Adjusting song offset is useful when the player doesn't trust the offset value offered by developers, or simply that some songs sounds differently to different players that some says this song is late, and other says this song is too early. Offering offset calibration in addition maybe a good safety net for your offset mistake.

Two, tt is also possible that those values is an input/judgement calibration. It make so that if the receptor time is exactly at note time in the frame where you detected an input, you will not get perfect because it was offsetted. This is to help on device with bad input latency. The player of course has perfect eye. So he try touching the screen when the note really overlaps the receptor. (This is the frame where receptor time is the same as note time, remember how receptor time affects rendering.) But of course the frame that the input arrives won't be this exact frame. It maybe one or more frames later. If you got really good eye, then you will see the note moved past the receptor as the input take their time to arrive, before at some frame that you finally could detect the input and make the note disappear.

But well, it will always be too late if you designed the game to be touched on the frame where the note overlaps the receptor. And while I think this is the right design as it is easier to say that than having to explain "well but your input actually arrives at the code later lol", you cannot just have the note disappear the exact frame the flesh of finger hit the screen. They will unevitably move past for a bit.

Device with 0ms input latency doesn't exist. So you should have some input calibration by default so the under receptor is actually the real perfect, if you intended to give perfect score for player that touch the note that overlaps receptor visually. This is making the game player centric (Priority to visual that player see) instead of code centric. (The code doesn't care how long input take to arrive.)

Or else the game would turn into "Hey in this game you need to touch a bit before that line and the game will say perfect." that players usually talk about, which is fine too, maybe! Because player will understand that the devices don't have the same capabilities, it is his fault that he don't have money to buy better device with better input latency and he understands why he need to touch ahead of time. Then he keep touching ahead of time consistently.

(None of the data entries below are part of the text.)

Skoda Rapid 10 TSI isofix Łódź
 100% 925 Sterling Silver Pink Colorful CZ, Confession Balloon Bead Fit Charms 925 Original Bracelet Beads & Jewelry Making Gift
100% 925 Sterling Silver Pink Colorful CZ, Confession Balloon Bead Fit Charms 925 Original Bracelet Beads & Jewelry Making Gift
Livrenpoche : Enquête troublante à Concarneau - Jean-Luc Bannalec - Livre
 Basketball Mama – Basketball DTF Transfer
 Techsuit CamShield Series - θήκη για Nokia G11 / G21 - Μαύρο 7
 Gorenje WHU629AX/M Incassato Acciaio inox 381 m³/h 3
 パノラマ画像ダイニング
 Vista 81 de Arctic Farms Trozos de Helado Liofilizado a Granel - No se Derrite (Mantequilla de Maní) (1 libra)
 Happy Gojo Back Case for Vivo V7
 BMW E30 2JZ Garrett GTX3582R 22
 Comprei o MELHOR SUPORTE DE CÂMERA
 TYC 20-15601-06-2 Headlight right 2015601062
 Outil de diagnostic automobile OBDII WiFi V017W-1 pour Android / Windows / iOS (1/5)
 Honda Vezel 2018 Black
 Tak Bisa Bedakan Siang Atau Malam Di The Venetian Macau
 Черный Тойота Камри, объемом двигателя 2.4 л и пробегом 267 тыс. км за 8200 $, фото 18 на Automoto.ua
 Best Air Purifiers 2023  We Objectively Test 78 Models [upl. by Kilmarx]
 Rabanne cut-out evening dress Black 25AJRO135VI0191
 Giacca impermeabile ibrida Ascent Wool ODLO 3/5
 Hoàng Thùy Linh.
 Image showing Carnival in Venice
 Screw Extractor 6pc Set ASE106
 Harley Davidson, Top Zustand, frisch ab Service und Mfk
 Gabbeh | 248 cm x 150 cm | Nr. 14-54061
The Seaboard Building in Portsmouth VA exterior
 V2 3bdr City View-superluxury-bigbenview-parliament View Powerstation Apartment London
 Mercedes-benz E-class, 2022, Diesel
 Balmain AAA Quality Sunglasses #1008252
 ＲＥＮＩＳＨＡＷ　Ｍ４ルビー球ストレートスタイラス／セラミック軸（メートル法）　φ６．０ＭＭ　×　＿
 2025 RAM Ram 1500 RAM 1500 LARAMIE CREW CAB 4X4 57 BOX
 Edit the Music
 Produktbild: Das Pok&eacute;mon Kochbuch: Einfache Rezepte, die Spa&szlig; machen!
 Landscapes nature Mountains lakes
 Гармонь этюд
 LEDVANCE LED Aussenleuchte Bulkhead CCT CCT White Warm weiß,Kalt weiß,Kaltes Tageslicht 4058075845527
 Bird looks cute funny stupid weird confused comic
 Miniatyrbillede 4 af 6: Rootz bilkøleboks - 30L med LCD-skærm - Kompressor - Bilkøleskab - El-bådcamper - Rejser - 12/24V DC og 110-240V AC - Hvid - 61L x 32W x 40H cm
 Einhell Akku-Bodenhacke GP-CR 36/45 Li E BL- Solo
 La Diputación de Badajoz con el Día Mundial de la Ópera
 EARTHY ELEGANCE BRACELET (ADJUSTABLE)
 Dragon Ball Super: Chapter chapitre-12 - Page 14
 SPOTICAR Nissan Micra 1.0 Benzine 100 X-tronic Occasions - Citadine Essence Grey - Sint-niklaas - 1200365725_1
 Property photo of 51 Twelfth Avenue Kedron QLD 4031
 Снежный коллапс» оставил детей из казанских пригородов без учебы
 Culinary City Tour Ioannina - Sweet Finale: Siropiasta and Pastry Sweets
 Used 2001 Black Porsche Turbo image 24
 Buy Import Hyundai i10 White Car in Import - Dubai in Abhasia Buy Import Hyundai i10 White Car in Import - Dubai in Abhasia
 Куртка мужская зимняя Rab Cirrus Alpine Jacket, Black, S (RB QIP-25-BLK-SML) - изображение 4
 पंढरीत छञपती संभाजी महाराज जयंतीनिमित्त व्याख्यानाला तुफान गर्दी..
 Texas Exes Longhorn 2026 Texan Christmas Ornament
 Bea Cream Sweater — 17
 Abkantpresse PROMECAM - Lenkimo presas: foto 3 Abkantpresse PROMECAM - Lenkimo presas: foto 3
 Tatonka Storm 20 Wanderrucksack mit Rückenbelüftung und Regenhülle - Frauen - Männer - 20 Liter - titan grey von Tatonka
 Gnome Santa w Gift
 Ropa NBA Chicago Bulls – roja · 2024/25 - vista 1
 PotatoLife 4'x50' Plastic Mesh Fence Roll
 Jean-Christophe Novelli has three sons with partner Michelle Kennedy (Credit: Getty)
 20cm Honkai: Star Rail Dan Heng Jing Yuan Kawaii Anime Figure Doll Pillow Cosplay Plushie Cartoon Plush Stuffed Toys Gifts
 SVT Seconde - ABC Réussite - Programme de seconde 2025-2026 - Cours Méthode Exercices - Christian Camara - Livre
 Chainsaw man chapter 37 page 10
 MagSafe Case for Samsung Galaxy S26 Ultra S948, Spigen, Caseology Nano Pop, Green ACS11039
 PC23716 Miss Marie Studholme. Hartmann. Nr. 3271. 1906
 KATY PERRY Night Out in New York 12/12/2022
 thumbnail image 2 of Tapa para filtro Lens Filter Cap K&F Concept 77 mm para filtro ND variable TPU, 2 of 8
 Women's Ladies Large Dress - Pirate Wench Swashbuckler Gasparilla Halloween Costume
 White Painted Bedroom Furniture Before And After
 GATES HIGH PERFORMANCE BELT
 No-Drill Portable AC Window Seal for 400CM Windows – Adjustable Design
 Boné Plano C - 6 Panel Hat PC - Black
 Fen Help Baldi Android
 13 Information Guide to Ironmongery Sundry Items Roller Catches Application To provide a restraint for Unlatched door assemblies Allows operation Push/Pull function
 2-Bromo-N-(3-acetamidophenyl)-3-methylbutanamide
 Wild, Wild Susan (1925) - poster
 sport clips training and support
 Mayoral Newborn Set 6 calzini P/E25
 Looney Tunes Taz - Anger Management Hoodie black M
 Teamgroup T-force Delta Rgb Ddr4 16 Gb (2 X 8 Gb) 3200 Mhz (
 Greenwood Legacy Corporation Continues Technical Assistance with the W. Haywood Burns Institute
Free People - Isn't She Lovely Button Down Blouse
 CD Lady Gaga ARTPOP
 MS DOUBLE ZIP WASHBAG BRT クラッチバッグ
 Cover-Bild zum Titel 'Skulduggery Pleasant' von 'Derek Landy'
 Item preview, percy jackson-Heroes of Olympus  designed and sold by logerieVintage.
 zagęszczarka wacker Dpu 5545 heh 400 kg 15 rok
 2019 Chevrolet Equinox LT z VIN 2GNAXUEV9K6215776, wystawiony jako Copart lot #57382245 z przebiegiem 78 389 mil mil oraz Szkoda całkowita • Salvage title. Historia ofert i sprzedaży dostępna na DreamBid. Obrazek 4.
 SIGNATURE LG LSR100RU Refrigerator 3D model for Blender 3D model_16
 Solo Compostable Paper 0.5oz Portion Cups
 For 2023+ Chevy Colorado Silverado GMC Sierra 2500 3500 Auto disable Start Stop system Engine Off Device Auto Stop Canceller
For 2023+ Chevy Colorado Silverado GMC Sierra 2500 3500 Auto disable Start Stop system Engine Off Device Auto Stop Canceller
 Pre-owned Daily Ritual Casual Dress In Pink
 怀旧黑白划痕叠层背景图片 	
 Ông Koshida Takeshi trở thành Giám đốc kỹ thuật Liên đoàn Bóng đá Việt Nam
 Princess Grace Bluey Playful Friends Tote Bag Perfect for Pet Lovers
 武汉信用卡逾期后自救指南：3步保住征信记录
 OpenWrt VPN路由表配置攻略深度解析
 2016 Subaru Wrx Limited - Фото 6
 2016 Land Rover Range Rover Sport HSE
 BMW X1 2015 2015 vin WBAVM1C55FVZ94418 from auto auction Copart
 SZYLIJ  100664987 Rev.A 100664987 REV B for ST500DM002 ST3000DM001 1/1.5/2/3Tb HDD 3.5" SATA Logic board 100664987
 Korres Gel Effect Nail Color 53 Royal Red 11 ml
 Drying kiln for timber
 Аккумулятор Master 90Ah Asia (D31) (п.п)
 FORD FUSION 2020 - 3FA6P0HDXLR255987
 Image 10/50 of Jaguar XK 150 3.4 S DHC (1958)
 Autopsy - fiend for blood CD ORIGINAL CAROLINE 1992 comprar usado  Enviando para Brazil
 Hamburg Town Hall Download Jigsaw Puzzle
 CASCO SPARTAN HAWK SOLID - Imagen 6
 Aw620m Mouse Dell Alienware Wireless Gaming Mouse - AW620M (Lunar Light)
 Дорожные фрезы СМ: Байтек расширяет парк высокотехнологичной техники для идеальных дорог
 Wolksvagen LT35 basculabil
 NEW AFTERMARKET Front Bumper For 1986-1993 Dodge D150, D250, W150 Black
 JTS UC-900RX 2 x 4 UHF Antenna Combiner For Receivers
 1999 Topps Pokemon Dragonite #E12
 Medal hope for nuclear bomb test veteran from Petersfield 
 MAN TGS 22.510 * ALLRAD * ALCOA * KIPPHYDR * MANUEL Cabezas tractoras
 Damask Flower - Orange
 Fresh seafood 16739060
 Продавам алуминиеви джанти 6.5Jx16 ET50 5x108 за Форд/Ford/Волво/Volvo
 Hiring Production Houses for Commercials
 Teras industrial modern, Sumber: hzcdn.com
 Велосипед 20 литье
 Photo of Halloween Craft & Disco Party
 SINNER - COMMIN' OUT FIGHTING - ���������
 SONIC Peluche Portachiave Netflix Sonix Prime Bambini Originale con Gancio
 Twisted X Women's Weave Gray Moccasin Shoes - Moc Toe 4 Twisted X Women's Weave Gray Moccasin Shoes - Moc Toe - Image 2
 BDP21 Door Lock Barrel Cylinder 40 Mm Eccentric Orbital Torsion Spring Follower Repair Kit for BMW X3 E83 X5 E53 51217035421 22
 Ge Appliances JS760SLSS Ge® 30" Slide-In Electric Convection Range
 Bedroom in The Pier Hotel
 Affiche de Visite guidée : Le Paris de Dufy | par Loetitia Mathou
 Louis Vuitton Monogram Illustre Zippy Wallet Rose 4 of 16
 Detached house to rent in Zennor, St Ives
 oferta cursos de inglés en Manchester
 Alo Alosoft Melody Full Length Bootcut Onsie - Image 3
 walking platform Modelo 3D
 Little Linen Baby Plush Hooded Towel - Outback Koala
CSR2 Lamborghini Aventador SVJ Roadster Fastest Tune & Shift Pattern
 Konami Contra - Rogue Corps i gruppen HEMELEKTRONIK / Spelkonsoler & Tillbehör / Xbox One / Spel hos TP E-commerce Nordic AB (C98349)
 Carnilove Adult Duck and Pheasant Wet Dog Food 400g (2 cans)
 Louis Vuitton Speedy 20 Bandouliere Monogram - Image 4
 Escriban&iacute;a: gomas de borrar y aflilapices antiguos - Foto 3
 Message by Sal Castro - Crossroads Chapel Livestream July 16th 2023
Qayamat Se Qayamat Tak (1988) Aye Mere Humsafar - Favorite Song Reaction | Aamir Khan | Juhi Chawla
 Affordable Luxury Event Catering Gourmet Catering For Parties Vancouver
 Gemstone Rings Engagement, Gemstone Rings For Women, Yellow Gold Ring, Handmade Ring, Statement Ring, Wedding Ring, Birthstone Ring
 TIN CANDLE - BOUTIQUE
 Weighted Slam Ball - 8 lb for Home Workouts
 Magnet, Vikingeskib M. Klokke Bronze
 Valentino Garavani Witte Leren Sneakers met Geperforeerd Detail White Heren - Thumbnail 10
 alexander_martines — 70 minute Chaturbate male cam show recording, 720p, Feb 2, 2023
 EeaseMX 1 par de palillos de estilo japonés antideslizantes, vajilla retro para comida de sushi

Or you can balance this by putting a bit of default input calibration because you know device with 0ms input latency doesn't exist. But some phones still needs to hit early because they are cheap, and you don't want to include input calibration. Also offering 3 calibrations of latency, music offset, and input are sometimes too much and hard to understand.

The End

Finally! As a bonus for putting up with me this far, this section is actually a huge Rubber Duck Debugging for myself. If I didn't type all these out, I could never get past the first few paragraphs in the line of thinking I just present you. It just.. works.

And sorry that the last few topics completely invalidates the first few reasonings, but without getting though those first I found it impossible to understand the final solution. The end!! Yeah!